Source data are available online for this figure.

To determine the regions of the 5′‐UTR that affect PIC loading or the speed of scanning ribosomes, we generated constructs lacking the first or second half of the 5′‐UTR of RADX or DNAJB6 transcripts (Fig 7C). The construct lacking the first half of the RADX 5′‐UTR, but not that lacking the second half, failed to show reduced translation in response to ASCC3 depletion (Fig 7C), suggesting that the secondary structure of the mRNA near the TSS may suppress PIC loading. The construct lacking the first half of the DNAJB6 5′‐UTR, but not that lacking the second half, also showed no effect of ASCC3 loss on translation (Fig 7C), suggesting that the accumulation of SSU footprints at ~30 to 50 nt from the TSS was attributable to a decreased speed of scanning ribosomes. For both RADX and DNAJB6 transcripts, the MFE of the first half of the 5′‐UTR was lower than that of the second half without a difference in percentage GC content (Fig 7D), suggesting that the secondary structure of the first half of each 5′‐UTR is more stable than that of the second half. These results further suggested that ASCC3 regulates translation by modulating PIC loading and scanning ribosome speed in a manner dependent on the 5′‐UTR sequence of specific transcripts.

Discussion

We have here performed Sel‐TCP‐MS to comprehensively identify the components of eIF4A1‐bound scanning ribosomes, and we unexpectedly found that ASCC, which was previously shown to dissociate colliding 80S ribosomes, also associates with scanning ribosomes. Sel‐TCP‐seq of ASCC3 revealed that the protein is predominantly localized to the 5′‐UTR of mRNAs. Furthermore, loss of ASCC3 resulted in a reduction in TE as a consequence of reduced PIC loading and a reduced speed of scanning ribosomes. These abnormalities were abrogated by the deletion of a portion of the 5′‐UTR of affected transcripts. Although TCP‐seq and luciferase reporter assays provide only indirect information regarding PIC loading and scanning dynamics, with biochemical analyses being needed to provide direct evidence, our results demonstrate that ASCC binds to scanning ribosomes and thereby regulates the translation initiation process.

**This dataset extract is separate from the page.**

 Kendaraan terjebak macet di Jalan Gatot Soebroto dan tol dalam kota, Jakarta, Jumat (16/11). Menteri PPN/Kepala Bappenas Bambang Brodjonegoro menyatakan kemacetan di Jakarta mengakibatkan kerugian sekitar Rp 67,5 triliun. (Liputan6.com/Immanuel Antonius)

We analyzed both our Sel‐TCP‐seq data as well as those from two previous studies (Bohlen et al, 2020; Wagner et al, 2020), and we found that the patterns around the start codon, such as the length of SSU fragments and the extent of their accumulation, differed among the three studies (Appendix Fig S2A). The accumulation of footprints was observed at −10 to −14 nt relative to the start codon in the data of Bohlen et al but at −1 to +4 nt in those of Wagner et al and in our data. These differences are likely attributable to differences in cell type or TCP‐seq protocols. Bohlen et al performed their analysis with HeLa cells, whereas we and Wagner et al studied HEK293T cells. Bohlen et al fixed the cells with paraformaldehyde and dithiobis(succinimidyl propionate) and then treated them with RNase I at 4°C for 5 min, whereas we and Wagner et al fixed the cells with formaldehyde only and treated them with RNase I at 25°C or room temperature for 45 or 30 min, respectively.

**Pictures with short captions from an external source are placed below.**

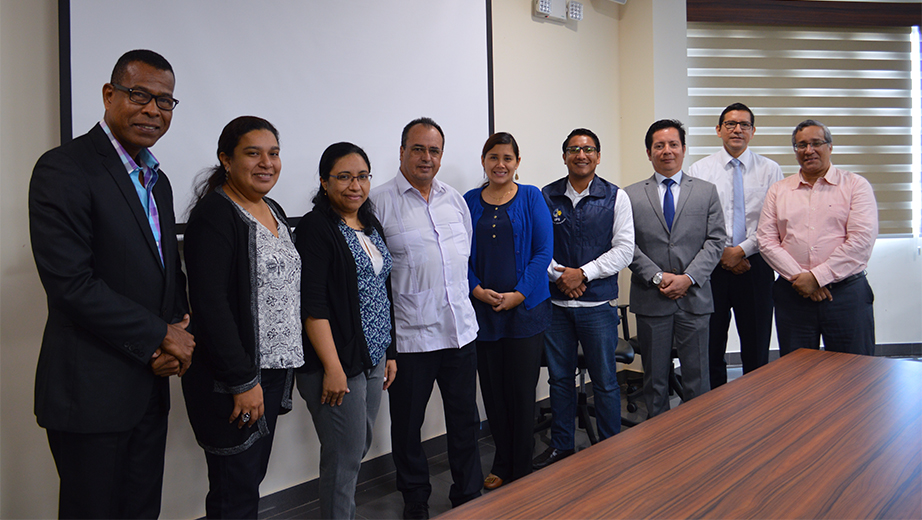 Docentes de la Sede Guayaquil en la clausura del curso 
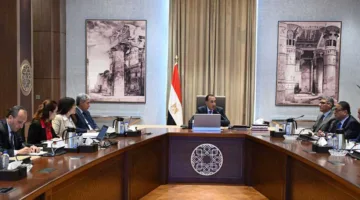 مدبولي يشرف على التشغيل التجريبي لخدمات متكاملة وزيارة أهرامات الجيزة عبر باصات كهربائية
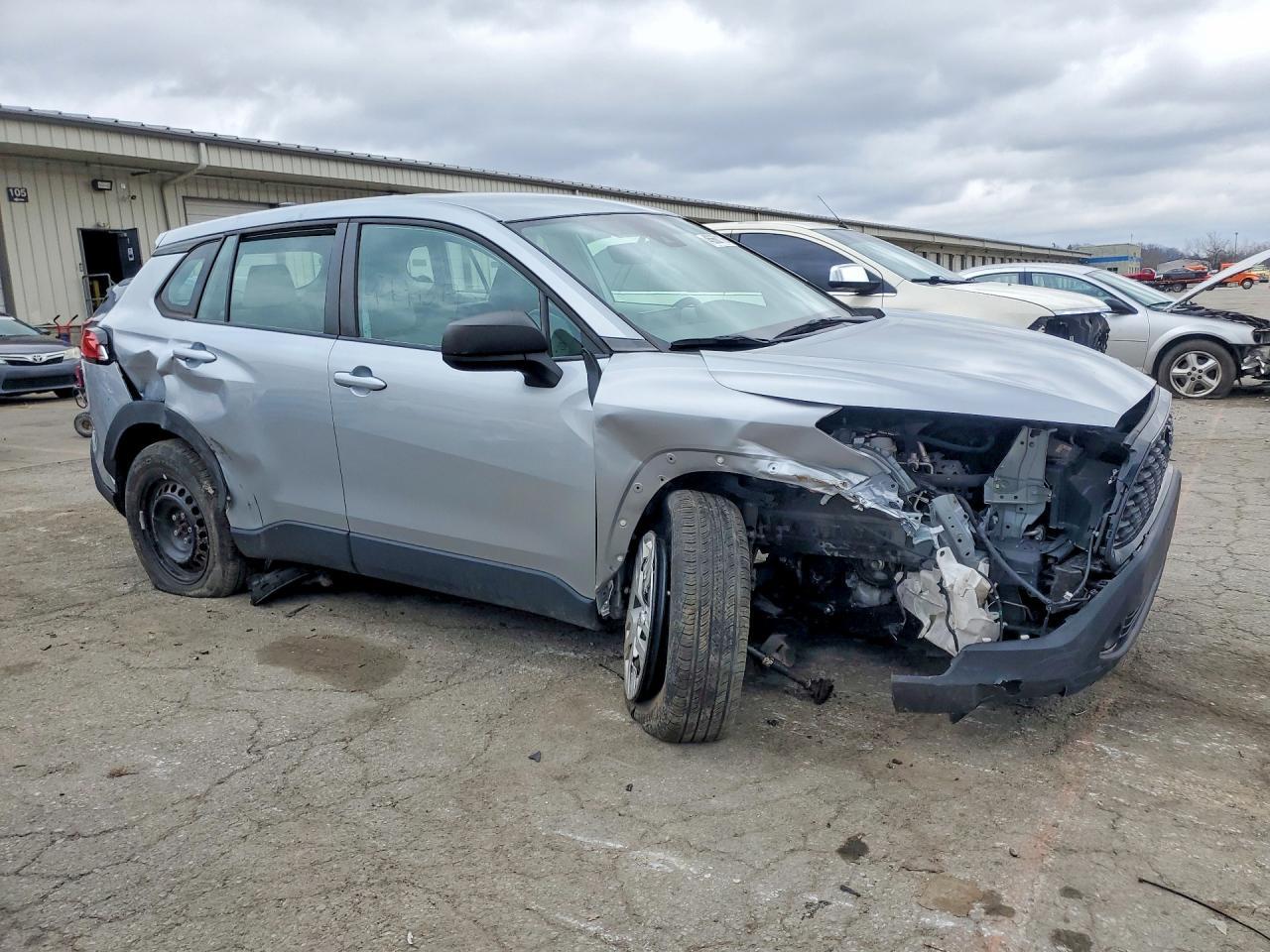 2022 Toyota Corolla Cross L - Фото 4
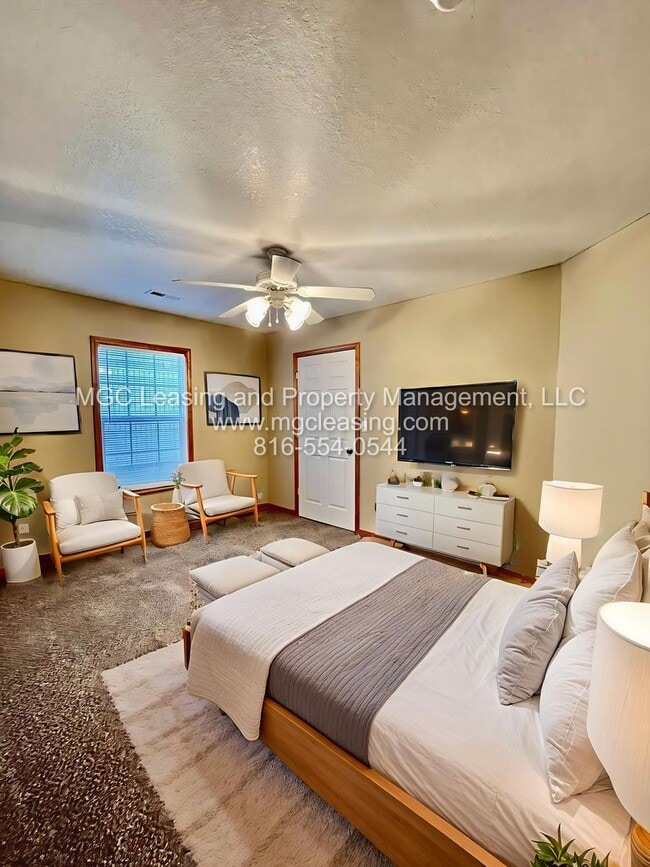 Photo - 706 Meadow Ct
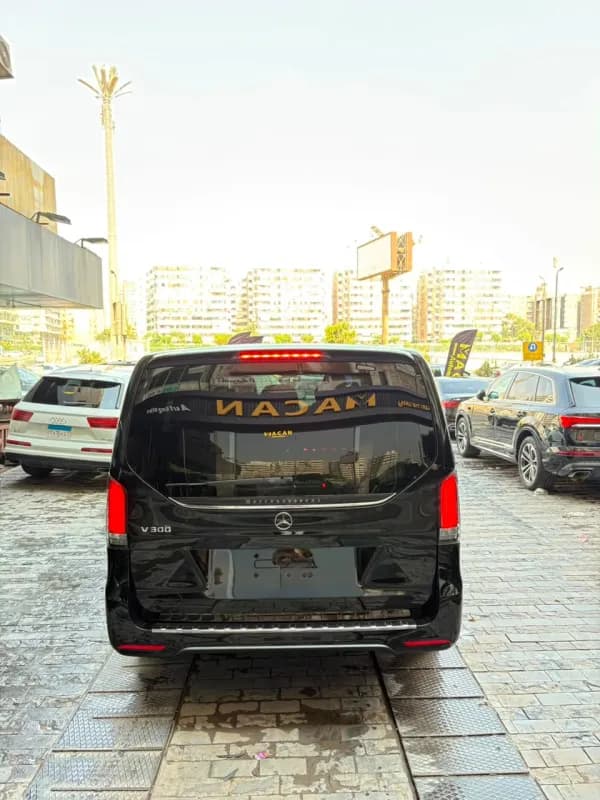 Mercedes-Benz V300 2026 amg Black Automatic — New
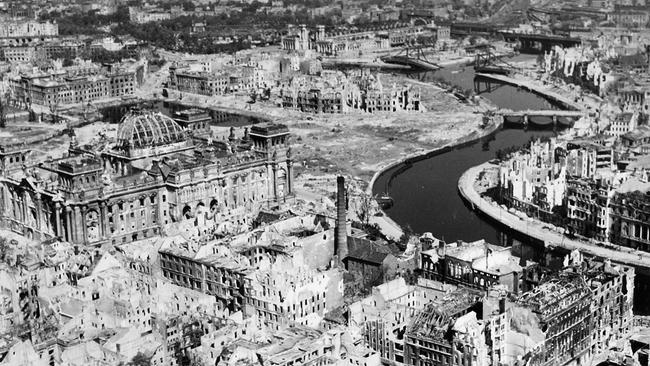 Berlin liegt nach schweren Luftangriffen der alliierten Truppen in Trümmern, 1945
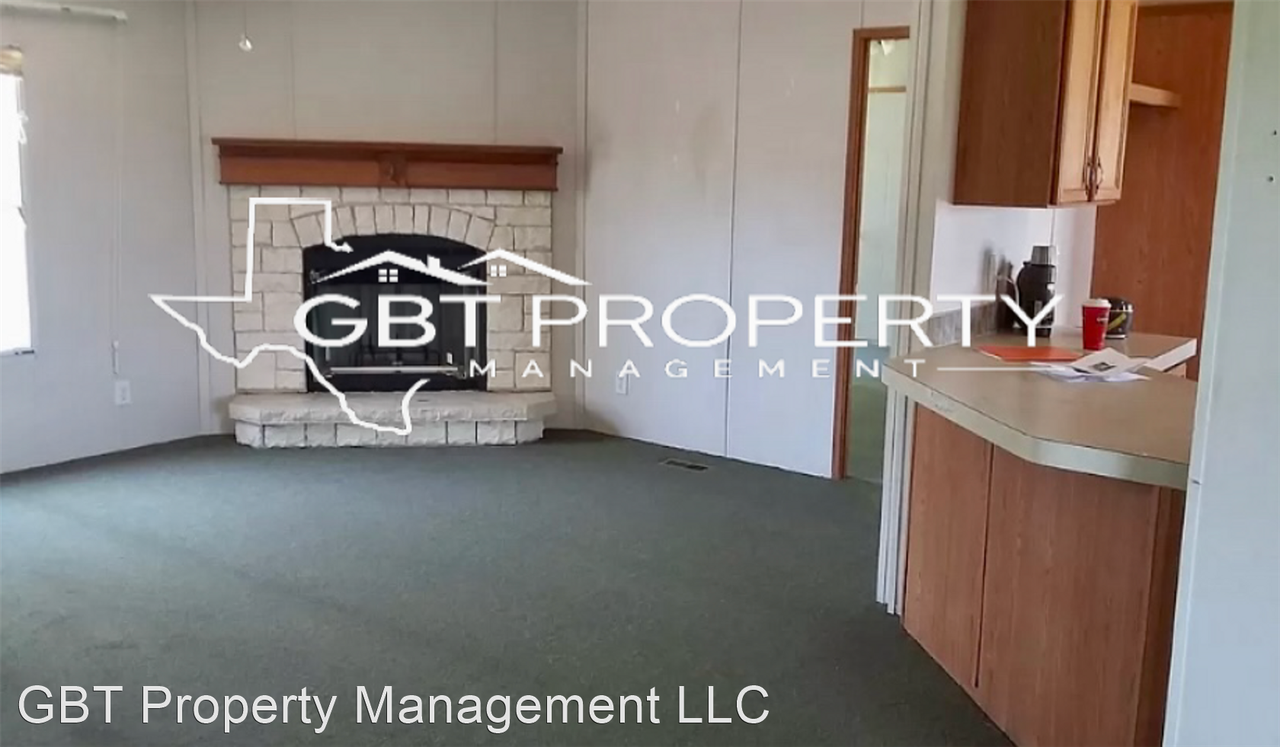 110 Pine St - Photo 2 of 7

Recent cryo‐electron microscopy (cryo‐EM) analysis has led to the proposal of an initial working model for the mechanism underlying splitting of the stalled leading ribosome by the yeast RQT complex (mammalian ASCC ortholog; Best et al, 2023). The yeast Slh1 helicase (mammalian ASCC3 helicase ortholog) comprises two cassettes (NH₂‐terminal (NTC) and COOH‐terminal (CTC) cassettes), each consisting of a RecA‐like ATPase domain, a winged helix (WH) domain, and a Sec63‐like domain. The RQT complex is located in close proximity to the mRNA entry channel and is stably docked to the 40S subunit of the stalled leading ribosome via the NTC of Slh1, with the CTC of Slh1 being positioned suitably for binding of the 3′ region of the mRNA. The CTC of Slh1 interacts with and pulls the 3′ region of the mRNA protruding from the leading ribosome, resulting in a conformational change of the latter. The trailing ribosome then serves as a wedge to promote dissociation of the 60S subunit of the leading ribosome.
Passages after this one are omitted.